_Supplied information_.
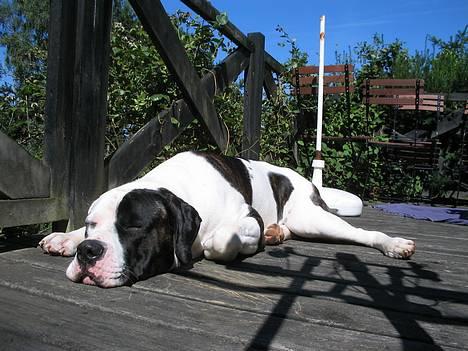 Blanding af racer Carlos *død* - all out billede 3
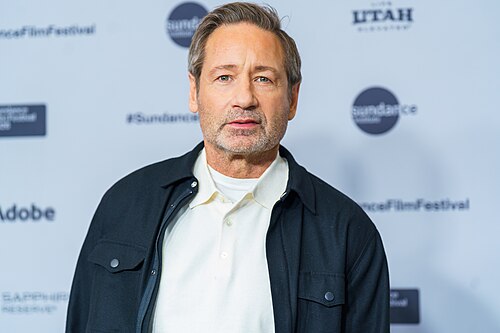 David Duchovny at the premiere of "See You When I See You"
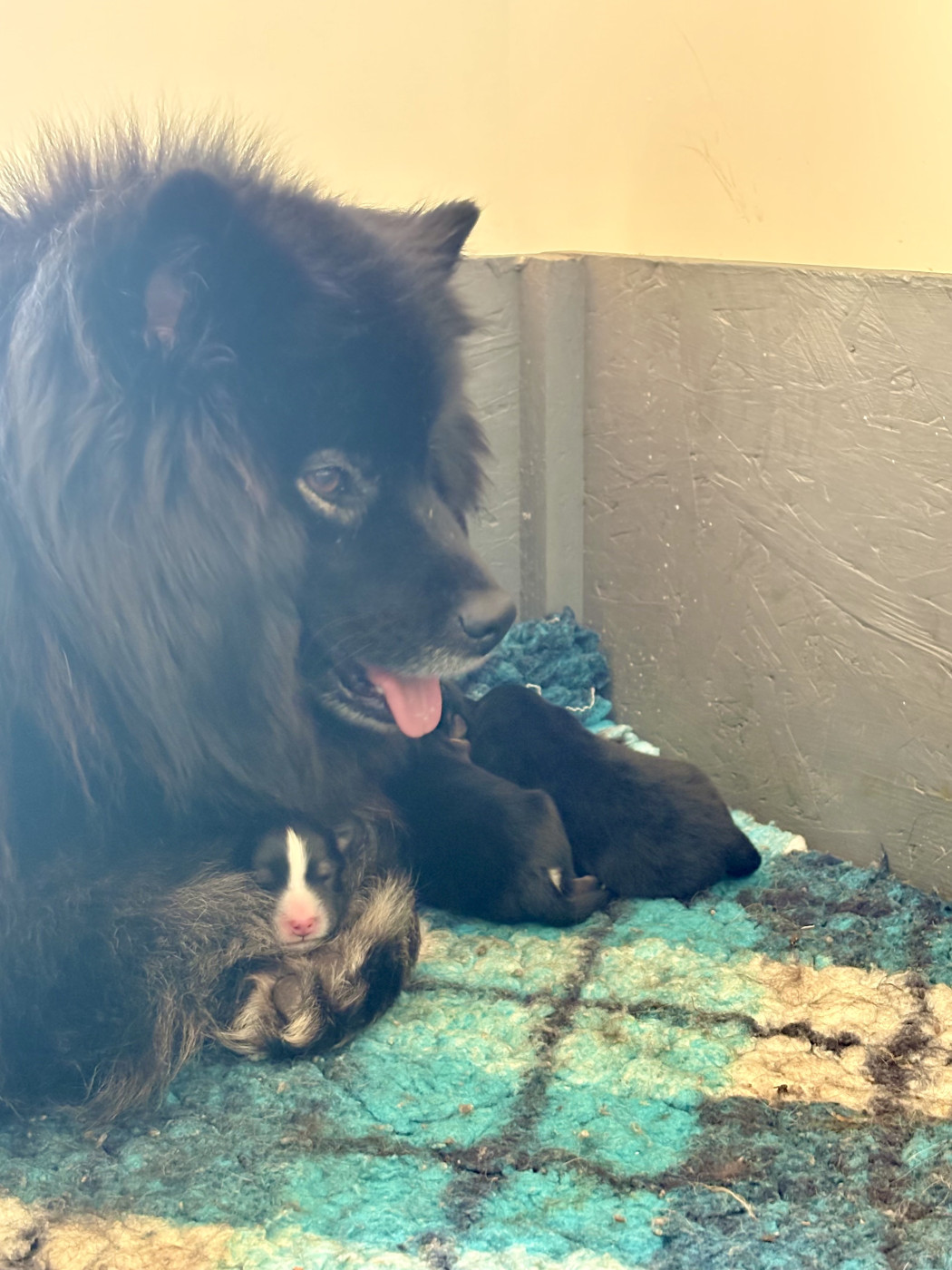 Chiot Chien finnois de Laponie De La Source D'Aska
--
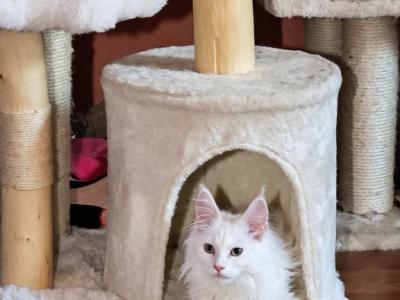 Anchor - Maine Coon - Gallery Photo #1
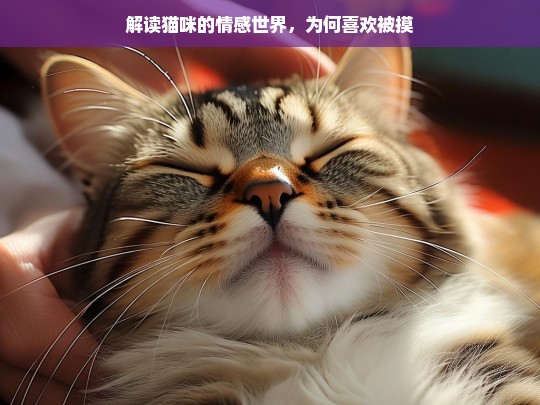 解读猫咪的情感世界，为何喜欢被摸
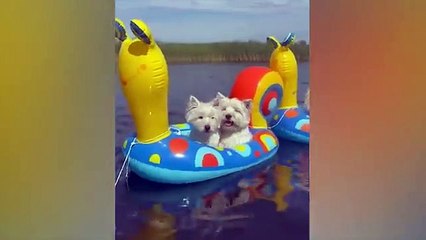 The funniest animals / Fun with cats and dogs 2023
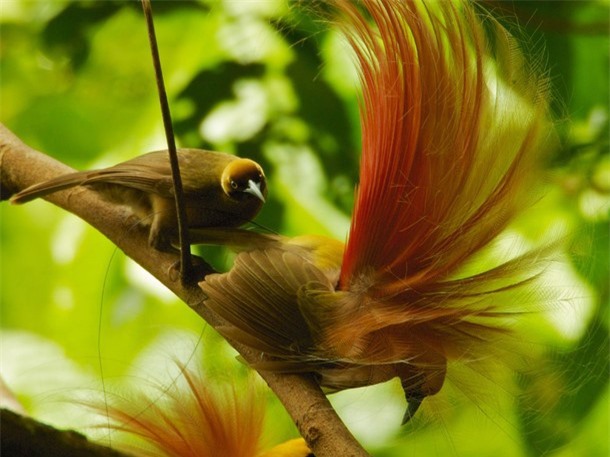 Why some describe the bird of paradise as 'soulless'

_What to produce_. Would you copy the lines above exactly, starting with the one that has "The funniest animals" and ending with the one that has "Why some describe", both included, without the pictures?

_Answer area_.
 The funniest animals / Fun with cats and dogs 2023
 Why some describe the bird of paradise as 'soulless'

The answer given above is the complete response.